In accordance with the Cease-fire Agreement worked out in January 1946 between the CCP and the KMT by U.S. Envoy George C. Marshall, the Peking Executive Headquarters was established to monitor the agreement. Holding the simulated rank of major-general, Keng was assigned to head the Communist unit in the Railway Control Section, but later that year was assigned to Szu-p’ing-k’ai (Szeping, located on the rail line between Mukden and Changchun) where he headed the Communist side on the 28th Field Team, which was under the jurisdiction of the Peking Headquarters. In 1947, following the collapse of the truce, Keng returned to active duty with the armed forces and in the later part of the year took part in the attack on Shih-chia-chuang in western Hopeh, the city that served temporarily as the Communist capital until the surrender of Peking in early 1949.
Keng’s exploits in the latter stages of the civil war with the Nationalists are cited in the writings of Mao Tse-tung. Serving as deputy commander of the Communists’ 19th Corps, which was operating to the west of Peking, he took part in the battles of December 1948 that led to the defeat of the strong armies led by KMT General Fu Tso-i. The Communist successes in these battles led directly to the fall of Tientsin and Peking in January 1949. Keng was serving at this time with Lo Jui-ch’ing and Yang Te-chih, his fellow native from Li-ling. Keng’s activities after the end of 1948 are not recorded, but it is probable that he moved westward to Ninghsia province with Yang Te-chih in 1949.
Apart from his brief association with Americans while a member of the Peking Executive Headquarters, Keng had had no contact with foreigners prior to the establishment of the PRC in the fall of 1949. However, he was to spend most of the next decade and a half abroad as a foreign service officer. Sweden, Denmark, and Finland were three of the earliest non-Communist governments to recognize the PRC, and by the time the new Communist government was a year old, Keng had been named as Peking’s first envoy to each of them. On May 9, 1950, he was appointed as ambassador to Sweden, and two days later as minister to Denmark. He presented his credentials in Stockholm on September 19 and in Copenhagen on November 8.
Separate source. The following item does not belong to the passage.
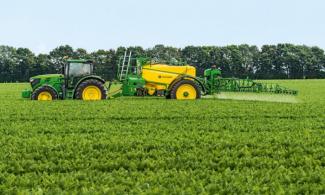 Tažené postřikovače John Deere M 962 i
In the interim, in late October, he was also appointed as minister to Finland, presenting his credentials in Helsinki on March 31, 1951. He resided in Stockholm and apparently spent little time in either Denmark, or Finland. However, he did go to these nations from time to time to take part in protocol functions. It should be noted that during Keng’s early years abroad the Korean War was still being fought, a fact that tended to inhibit Chinese relations with non-Communist nations particularly in the field of trade, then subject to a rigorous embargo by the West. This situation is best illustrated by the fact that during Keng’s tour in Sweden, Denmark, and Finland, only one government-to-government agreement was signed a trade agreement that Keng signed with the Finns in Helsinki in June 1954. Nonetheless, a Western diplomat familiar with Keng’s work in Stockholm asserts that he was regarded as a competent official.